◆ What you should do
Without the pictures, write the listing out again exactly as it appears.

** Opening Provided material block **

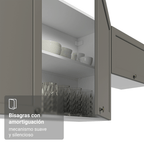Mueble de Cocina Superior Vik 70 cm 2 Puertas Blanco/Gris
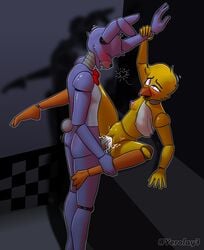 2021 animatronic avian beak bird bird_feet blush bodily_fluids bonnie_(fnaf) breasts chica_(fnaf) chicken closed_eyes cum cum_in_pussy cum_inside duo ejaculation female five_nights_at_freddy's galliform gallus_(genus) genital_fluids genitals heart hi_res impregnation_request lagomorph leporid love male male/female mammal metal_penis nipples penetration penis phasianid pussy rabbit romantic romantic_couple scut_tail sex short_tail sperm_cell tagme vaginal_penetration video_games yerolay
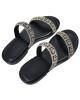 WOMAN LEATHER SLIPPERS: 53-W-2161 (BLACK)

** Closing Provided material block **

◆ Output for this task
Mueble de Cocina Superior Vik 70 cm 2 Puertas Blanco/Gris
 2021 animatronic avian beak bird bird_feet blush bodily_fluids bonnie_(fnaf) breasts chica_(fnaf) chicken closed_eyes cum cum_in_pussy cum_inside duo ejaculation female five_nights_at_freddy's galliform gallus_(genus) genital_fluids genitals heart hi_res impregnation_request lagomorph leporid love male male/female mammal metal_penis nipples penetration penis phasianid pussy rabbit romantic romantic_couple scut_tail sex short_tail sperm_cell tagme vaginal_penetration video_games yerolay
 WOMAN LEATHER SLIPPERS: 53-W-2161 (BLACK)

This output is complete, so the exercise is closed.